Fakat yaşananlar etkilemiyorsa, etkilenmeden yaşanıyorsa… Evet, sayfası üstünde durduran bir cümle de şuydu:
Herkesin koşturup durduğu büyük bir kentte yaşıyordu ve herkes gibi o da koşturup duruyordu.
Ne kadar sıradan değil mi? Ne kadar düz, ne kadar sahici…

Bu sayfada durmak istemedim. İnsan neşeli şeyler duymak için sabırsızlanıyor, içine dalmak istiyor. “Hemen hadi, anlat!” diyor içindeki ses, hazırlanmaya bile ihtiyaç duymuyor. Yine de bağlamış yazar “Ve…” ile. Hüzünlü şeylerden bağımsız değil çünkü neşeli şeyler de. Hatta önce olanlar öyle olduğu için birazdan olanlar da öyle…

Sizi hüzne boğmak istesem, sorumlulukları altında kalan iki dostun bir daha görüşmediğini yazardım. Çünkü çoğu zaman böyle olur. Bir arkadaşla yeniden bir araya gelinir, çok sevinilir, planlar yapılır. Sonra da bir daha görüşülmez. Zaman yoktur, insanların çok işi vardır, birbirlerinden çok uzakta oturuyorlardır… Görüşememelerinin binbir türlü nedeni olur…
Ama Savaş ile Barış, görüşmeye devam ettiler. Hatta çok sık görüştüler.
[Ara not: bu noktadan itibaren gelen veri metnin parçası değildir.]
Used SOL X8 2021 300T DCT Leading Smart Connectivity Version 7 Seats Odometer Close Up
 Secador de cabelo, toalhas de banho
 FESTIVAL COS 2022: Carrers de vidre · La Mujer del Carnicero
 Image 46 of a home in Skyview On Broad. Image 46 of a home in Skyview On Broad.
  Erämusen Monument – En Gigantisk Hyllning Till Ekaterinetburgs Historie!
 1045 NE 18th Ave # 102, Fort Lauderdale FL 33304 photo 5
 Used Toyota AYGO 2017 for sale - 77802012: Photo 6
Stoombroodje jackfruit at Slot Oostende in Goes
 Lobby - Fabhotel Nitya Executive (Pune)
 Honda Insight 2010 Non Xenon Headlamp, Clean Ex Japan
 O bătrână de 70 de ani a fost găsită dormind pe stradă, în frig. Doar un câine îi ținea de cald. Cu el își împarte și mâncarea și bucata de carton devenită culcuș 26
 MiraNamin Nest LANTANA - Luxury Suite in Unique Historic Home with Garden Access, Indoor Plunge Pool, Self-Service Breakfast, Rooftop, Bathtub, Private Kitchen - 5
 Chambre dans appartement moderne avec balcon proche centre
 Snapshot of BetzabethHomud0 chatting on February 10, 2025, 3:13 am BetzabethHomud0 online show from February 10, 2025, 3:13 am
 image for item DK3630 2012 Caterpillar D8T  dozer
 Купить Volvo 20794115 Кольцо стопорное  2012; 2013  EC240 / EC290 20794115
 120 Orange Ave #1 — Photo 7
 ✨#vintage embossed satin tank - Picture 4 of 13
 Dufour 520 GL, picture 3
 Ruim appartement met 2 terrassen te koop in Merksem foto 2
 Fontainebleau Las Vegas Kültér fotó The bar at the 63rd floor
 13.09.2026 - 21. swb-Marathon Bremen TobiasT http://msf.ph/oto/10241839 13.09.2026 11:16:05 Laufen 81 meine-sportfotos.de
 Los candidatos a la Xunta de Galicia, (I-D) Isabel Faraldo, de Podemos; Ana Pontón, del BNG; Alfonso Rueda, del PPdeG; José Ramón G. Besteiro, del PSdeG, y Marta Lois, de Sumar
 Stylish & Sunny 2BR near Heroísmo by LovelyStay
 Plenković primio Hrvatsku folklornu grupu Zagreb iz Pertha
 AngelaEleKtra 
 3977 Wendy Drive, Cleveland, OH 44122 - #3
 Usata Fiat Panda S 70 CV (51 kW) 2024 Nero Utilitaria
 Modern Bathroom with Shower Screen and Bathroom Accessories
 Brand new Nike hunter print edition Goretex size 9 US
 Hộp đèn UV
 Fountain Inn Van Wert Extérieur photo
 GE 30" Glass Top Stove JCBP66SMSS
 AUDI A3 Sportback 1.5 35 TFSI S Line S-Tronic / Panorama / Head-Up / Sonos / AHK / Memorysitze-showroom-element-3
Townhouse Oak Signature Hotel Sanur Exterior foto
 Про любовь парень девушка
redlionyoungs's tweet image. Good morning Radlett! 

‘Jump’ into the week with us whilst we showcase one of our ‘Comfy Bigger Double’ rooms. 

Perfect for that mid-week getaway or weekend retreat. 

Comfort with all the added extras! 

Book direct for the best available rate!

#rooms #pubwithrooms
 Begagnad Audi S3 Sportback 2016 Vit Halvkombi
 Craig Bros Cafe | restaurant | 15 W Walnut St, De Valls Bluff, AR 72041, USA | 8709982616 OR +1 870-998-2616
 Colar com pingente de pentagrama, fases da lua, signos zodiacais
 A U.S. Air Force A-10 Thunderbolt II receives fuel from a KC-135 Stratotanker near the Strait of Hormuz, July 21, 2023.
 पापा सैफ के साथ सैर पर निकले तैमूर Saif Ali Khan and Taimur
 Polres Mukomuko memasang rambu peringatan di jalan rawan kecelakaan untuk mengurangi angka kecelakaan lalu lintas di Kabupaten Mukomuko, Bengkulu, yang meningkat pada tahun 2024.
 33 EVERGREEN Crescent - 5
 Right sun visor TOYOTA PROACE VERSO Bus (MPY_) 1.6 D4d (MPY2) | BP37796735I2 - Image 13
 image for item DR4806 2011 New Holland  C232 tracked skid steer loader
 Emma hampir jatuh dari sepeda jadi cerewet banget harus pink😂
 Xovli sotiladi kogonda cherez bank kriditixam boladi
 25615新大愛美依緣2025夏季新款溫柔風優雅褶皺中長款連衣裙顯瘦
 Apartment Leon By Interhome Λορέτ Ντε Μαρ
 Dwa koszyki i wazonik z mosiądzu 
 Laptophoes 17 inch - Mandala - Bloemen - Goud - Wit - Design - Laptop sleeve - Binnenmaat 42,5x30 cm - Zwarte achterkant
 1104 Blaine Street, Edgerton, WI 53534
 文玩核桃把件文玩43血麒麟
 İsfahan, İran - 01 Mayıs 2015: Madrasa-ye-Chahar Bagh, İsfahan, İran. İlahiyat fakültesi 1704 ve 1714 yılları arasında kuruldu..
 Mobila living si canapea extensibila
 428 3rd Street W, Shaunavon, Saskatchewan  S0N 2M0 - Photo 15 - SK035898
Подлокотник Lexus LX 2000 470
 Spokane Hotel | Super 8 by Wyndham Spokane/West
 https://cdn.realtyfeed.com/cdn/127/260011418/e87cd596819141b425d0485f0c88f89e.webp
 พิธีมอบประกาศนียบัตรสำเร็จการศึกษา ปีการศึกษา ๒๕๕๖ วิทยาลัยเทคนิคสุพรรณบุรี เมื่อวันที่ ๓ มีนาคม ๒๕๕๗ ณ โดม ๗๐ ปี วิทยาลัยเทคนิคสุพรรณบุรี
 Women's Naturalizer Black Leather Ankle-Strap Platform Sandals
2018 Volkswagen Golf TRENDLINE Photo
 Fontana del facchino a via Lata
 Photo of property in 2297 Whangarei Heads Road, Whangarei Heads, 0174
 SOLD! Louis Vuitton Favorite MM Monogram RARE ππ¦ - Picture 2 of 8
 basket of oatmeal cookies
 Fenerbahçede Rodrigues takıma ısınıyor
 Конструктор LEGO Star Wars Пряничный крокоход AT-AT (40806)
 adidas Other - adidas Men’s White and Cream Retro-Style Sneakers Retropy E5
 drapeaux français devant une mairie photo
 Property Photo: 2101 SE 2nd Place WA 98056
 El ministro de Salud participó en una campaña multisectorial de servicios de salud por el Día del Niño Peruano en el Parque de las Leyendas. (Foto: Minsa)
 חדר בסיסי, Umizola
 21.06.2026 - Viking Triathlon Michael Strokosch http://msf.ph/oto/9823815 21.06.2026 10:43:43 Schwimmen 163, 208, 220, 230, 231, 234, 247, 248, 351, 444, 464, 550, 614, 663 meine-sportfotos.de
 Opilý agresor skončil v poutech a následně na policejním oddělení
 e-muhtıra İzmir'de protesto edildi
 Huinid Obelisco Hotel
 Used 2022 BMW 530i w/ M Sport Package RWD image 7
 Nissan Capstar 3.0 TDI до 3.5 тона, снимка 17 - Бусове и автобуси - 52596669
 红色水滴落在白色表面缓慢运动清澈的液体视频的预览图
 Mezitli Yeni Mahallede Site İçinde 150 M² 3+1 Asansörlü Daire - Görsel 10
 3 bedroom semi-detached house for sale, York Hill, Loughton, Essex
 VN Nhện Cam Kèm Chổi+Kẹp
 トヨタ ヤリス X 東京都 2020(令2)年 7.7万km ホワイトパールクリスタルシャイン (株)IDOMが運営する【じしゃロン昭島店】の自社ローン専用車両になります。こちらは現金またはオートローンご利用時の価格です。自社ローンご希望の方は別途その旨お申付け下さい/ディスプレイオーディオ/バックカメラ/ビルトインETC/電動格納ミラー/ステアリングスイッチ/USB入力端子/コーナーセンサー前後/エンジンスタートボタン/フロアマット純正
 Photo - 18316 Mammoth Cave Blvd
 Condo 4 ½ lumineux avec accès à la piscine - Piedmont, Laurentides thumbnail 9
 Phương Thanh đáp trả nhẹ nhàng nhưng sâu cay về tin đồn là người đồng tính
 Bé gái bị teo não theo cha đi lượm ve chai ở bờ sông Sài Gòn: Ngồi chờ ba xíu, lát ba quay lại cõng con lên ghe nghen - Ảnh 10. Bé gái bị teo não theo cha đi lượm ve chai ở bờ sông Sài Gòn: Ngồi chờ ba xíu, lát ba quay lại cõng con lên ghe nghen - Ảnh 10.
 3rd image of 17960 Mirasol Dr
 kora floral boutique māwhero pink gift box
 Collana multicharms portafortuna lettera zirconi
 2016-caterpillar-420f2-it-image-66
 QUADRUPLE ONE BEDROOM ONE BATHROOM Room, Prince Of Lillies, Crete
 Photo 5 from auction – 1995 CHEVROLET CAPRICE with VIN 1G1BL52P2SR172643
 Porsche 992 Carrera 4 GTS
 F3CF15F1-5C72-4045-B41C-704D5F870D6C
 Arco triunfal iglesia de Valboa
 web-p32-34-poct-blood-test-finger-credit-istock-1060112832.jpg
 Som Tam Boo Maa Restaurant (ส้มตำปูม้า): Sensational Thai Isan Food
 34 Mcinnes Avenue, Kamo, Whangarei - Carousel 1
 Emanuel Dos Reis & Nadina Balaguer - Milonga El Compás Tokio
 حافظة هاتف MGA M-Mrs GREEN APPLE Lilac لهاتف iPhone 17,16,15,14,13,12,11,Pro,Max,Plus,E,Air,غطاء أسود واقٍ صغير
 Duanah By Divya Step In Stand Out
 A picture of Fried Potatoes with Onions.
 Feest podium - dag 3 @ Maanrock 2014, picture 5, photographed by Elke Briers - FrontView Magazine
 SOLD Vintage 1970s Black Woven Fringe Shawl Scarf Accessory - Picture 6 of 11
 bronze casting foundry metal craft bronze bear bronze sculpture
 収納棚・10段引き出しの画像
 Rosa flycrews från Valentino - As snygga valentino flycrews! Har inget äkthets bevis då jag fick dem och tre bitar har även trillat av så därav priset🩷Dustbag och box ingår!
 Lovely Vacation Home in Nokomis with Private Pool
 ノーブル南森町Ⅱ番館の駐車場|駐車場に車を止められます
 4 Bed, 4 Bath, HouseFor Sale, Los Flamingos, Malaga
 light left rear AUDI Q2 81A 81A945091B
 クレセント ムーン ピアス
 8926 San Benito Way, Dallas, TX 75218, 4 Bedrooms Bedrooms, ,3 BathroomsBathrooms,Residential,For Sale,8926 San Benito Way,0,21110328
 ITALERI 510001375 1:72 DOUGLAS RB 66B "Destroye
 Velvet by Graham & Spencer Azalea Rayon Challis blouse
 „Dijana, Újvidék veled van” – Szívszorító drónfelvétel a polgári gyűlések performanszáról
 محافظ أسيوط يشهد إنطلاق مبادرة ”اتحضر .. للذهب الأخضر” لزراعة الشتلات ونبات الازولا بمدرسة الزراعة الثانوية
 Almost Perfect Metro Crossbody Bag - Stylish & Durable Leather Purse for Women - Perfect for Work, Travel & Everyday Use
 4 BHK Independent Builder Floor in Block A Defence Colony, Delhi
Bu hikaye böyle bir hikaye işte. Karşıma otursaydınız, bir kahve içerken kitabı elime alıp bunları anlatırdım size. Fotoğrafını çektiğim bölümlere muhakkak bakın isterdim. Sonra alın elinize bir de siz okuyun. Nerede durdunuz, nerede etkilendiniz, sonra ne yaptınız? Bilmek isterdim. Anlatmasanız da duyardım belki, duyar mıydım… Tuhaf mı gelirdi yoksa bunlar size… Dostluk biraz da tuhaf olmak değil mi?
Neşesiz insanların yetişkinlere yakıştırmadığı, tuhaf saydığı eğlencelere giriştiler.
Kitapta mantra gibi tekrar eden şu bölüm ise, dostluğun tanımını yapar gibiydi. Sahip olduğum, tanıdığım o hissi içimde duyup şükrettim. İnsanın o hissi içinde taşıması, “Ama…” olanları hafifletiyor, “Ve… ” olanları çoğaltıyor. Dilerim okursunuz bu kitabı, sizin de içinizi doldurur bu duygular.
Birbirlerine şakalar yapıyorlardı. Ama bazen de…
… Hiçbir şey yapmadan öylece duruyorlardı.
Bazen sohbet ediyor, bazen susuyorlardı…
… çünkü birlikteyken asla sıkılmıyorlardı.